> [Information provided]
◆ ◆ ◆

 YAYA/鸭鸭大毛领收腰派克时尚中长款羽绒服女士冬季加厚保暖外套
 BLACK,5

◆ ◆ ◆

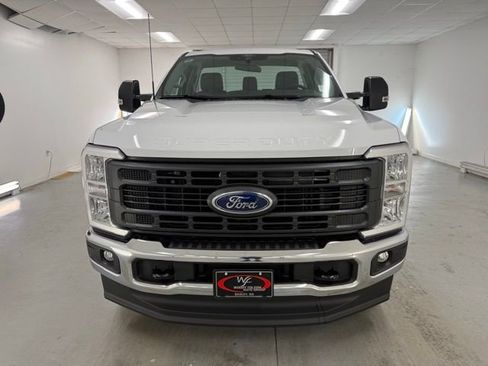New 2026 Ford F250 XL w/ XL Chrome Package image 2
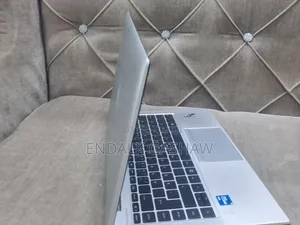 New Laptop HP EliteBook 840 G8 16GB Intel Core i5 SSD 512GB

◆ ◆ ◆

> [Problem requirements] Take the material above from the line bearing "New 2026 Ford" through the line bearing "New Laptop HP" and write it out exactly, both end lines included. Pictures stay out.

> [Reply]
New 2026 Ford F250 XL w/ XL Chrome Package image 2
 New Laptop HP EliteBook 840 G8 16GB Intel Core i5 SSD 512GB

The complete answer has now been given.